Their relationship evolves in unsettling ways—oddly tender, even wholesome. She brings him games, upgrades his living space, and, in some sense, gives him the support he’s never had. For a time, it almost feels like they’ve created a strange, fragile family unit.
You think, for a moment, what if they just keep doing this?
Maria becomes more vibrant as the film progresses—her clothing lightens, her makeup brightens, until in the final act she dons a bold red lip. Her students thrive, her confidence blooms, and even her ex seems to notice her renewed energy. Yet the audience can’t shake the fact that this “transformation” rests on a horrifying crime.
Etzler leans into this discomfort while Ronan plays the contradiction masterfully. She waves between the two vastly different worlds Maria occupies.

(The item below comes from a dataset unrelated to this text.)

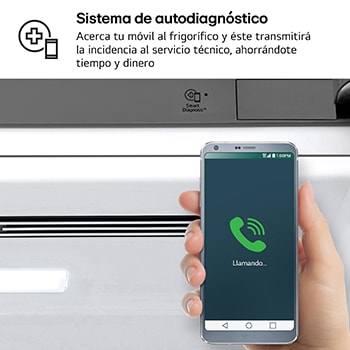 LG Frigorífico Combi | LG GBV7270EPY, Door Cooling+, 2,03m ,capacidad de  419 L, Serie 700, Clasificación C, Acero negro grafito antihuellas, GBV7270EPY
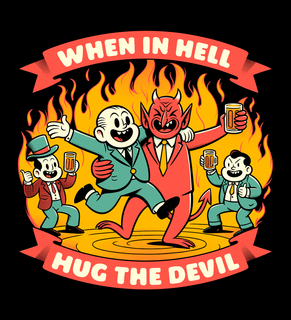 Nome do produtoHug the devil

The film’s tension escalates when another student—a model pupil with a fixation on Maria, and one of Danny’s earlier victims—discovers the secret and uses it to her advantage. Here, Ronan truly shines, capturing Maria’s unraveling as her precarious new life begins to collapse. Watching her, it feels as though she, too, is imprisoned in the basement with Danny, trapped in a cycle of moral compromises.
When the truth finally surfaces, the resolution lands with a gut punch. Etzler doesn’t offer easy answers; instead, he forces us to sit with the implications.

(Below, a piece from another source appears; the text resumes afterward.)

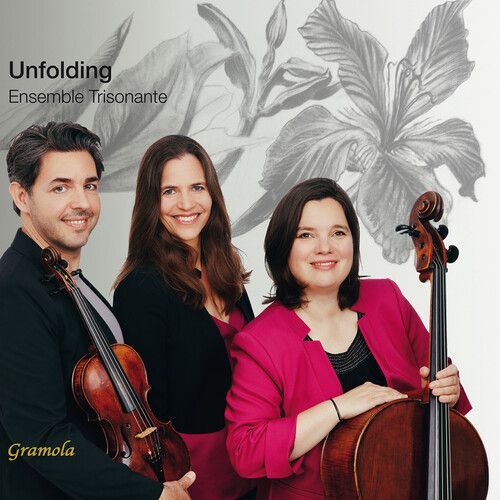 Debussy / Rachmaninoff / Shostakovich - Unfolding [Compact Discs]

For me, the most powerful element of Bad Apples lies in its satire. Beneath the disturbing plot beats, the film interrogates our willingness to ignore individual suffering for the sake of our own selfish gains. The students are doing better now that Danny is gone. The school receives wide-scale praise. Life is good for everyone to simply do what they have already done for so long–ignore Danny.
Its allegorical weight is hard to miss: whose pain are we willing to overlook so that the rest of us may feel comfortable? In my case, the parallel to the protest outside the theater was inescapable.

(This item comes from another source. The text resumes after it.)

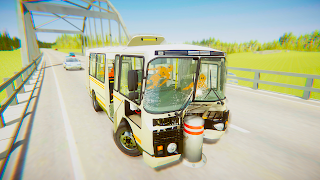 VAZ Crash Test Simulator 2 - Screenshot 2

That sense of unease became amplified for me during the Q&A, where an audience member joked about enjoying a child being hurt on screen. I sat seething and spiraling, wondering how many had truly absorbed what Etzler was putting before us. Was the film’s discomfort misread as edginess? Was its satire mistaken for mockery?
Perhaps it is a much bigger testament to our society that the audience was not willing to interrogate themselves. Bad Apples was no longer the story on the screen, but the audience around me.
For all its bleakness, Bad Apples is an intelligent, unsettling debut. It holds up a mirror to privilege and complicity, asking us to recognize our own blind spots and hypocrisies. It makes us laugh, then makes us recoil for having laughed. By its end, I was left unsettled not only by Maria’s choices, but by my own reactions—the ways I was complicit in enjoying the story, the ways I, too, looked away.
Bad Apples is not an easy film to watch, nor is it meant to be. It challenges us to embrace discomfort, to sit with our guilt, to feel the weight of it. And then take action. It forces viewers to confront privilege, complicity, and the discomfort of looking away.
Etzler and Ronan have delivered something bracing and necessary: a work that treats us with more intelligence than we may deserve.